Die Promilletester zum Selbstkaufen funktionieren im Wesentlichen wie die Testgeräte der Polizei auch. Hat man getrunken, wird Alkohol aus dem Blut in der Lunge an die Atemluft abgegeben. "Im Gerät ist je nach Hersteller eine Alkoholmessung, die entweder elektrochemisch erfolgt oder über das Infrarot-Spektrum", erklärt Dr. Katja Jachau, Rechtsmedizinerin an der Uniklinik Magdeburg. Über bekannte Formeln rechnen die Geräte dann schnell aus, wie viel Alkohol die Testperson wahrscheinlich im Körper hat.
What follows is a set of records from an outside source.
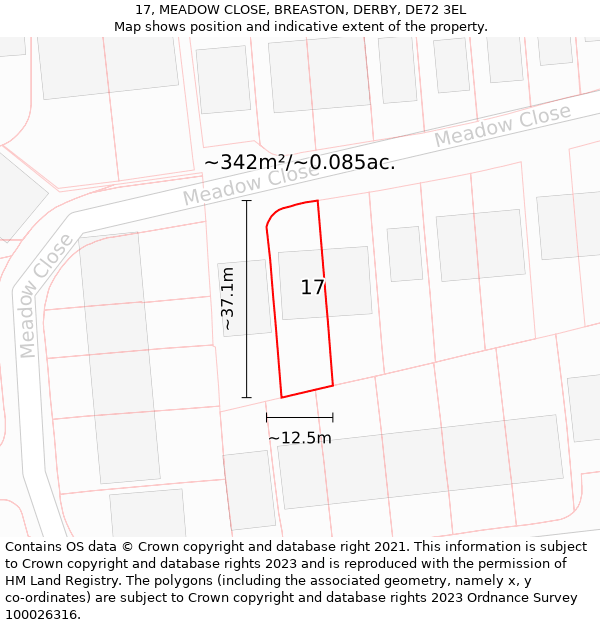 17, MEADOW CLOSE, BREASTON, DERBY, DE72 3EL: Plot and title map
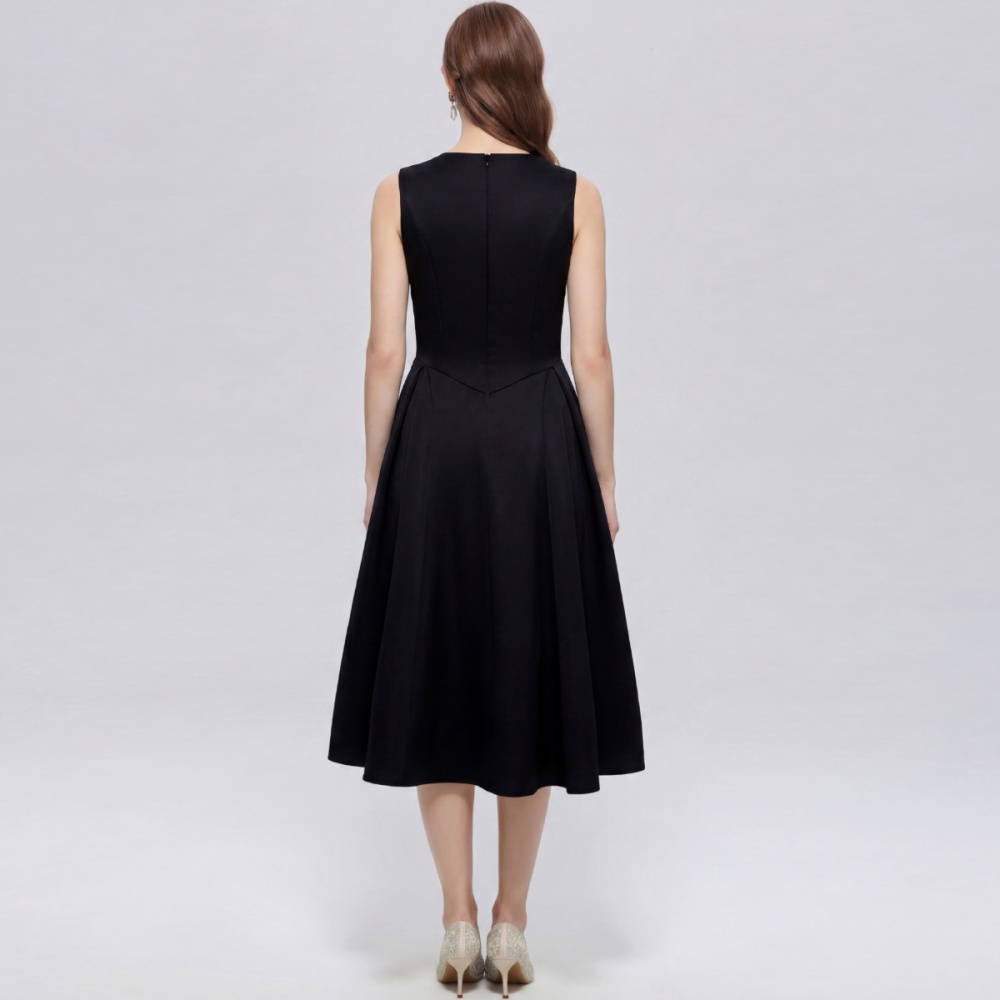 France style sleeveless long dress simple formal dress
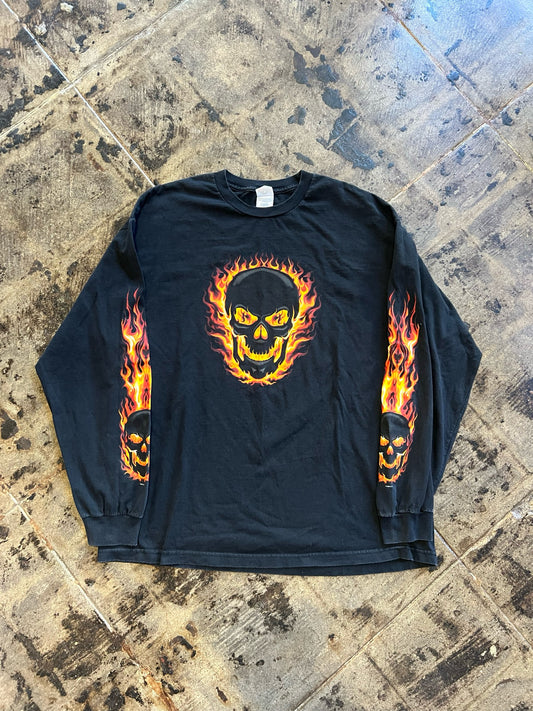 SKULL FLAMING LONG SLEEVE SZ: 2XL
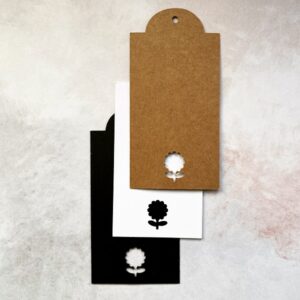 Papieranhänger eckig I 80x40mm, Blume (10 Stk.)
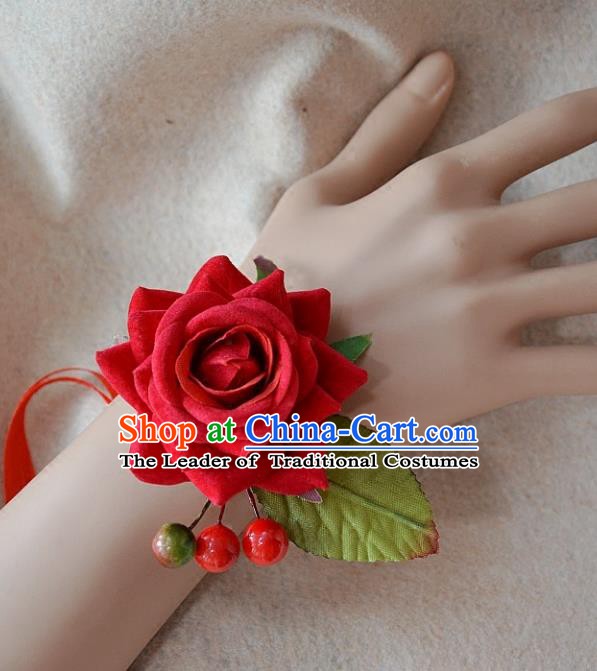 European Western Bride Wrist Flowers Vintage Renaissance Red Rose Bracelet for Women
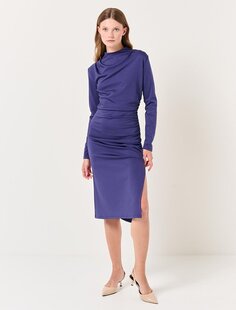 Темно-пурпурное платье-миди с круглым вырезом и длинными рукавами и разрезом Jimmy Key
Zahlreiche Messfehler möglich

Ein Polizist steht mit dem Rücken zum Betrachter an einer Straße
Die Geräte der Polizei erkennen Messfehler in der Regel. Das tun einfache Promilletester oft nicht. Bildrechte: IMAGO

Das Messen kann allerdings gleich aus mehreren Gründen verfälscht werden. So spielt es etwa eine Rolle, ob jemand Asthma hat oder ein starker Raucher ist. Alkohol aus Asthmasprays, die Inhaltsstoffe von Feuerzeugen beim Anzünden eine Zigarette und sogar Parfüm am Hals können den Wert verändern. Und es gibt noch ein Problem, sagt unsere Expertin: "Wenn man nach dem Trinken aufstößt, steigt auch Alkohol aus dem Magen mit auf und sorgt dann für einen zu hohen Messwert." Manche teureren Promilletester ab 200 Euro aufwärts und auch die Polizei-Geräte können diesen speziellen Fehler erkennen und ausgleichen.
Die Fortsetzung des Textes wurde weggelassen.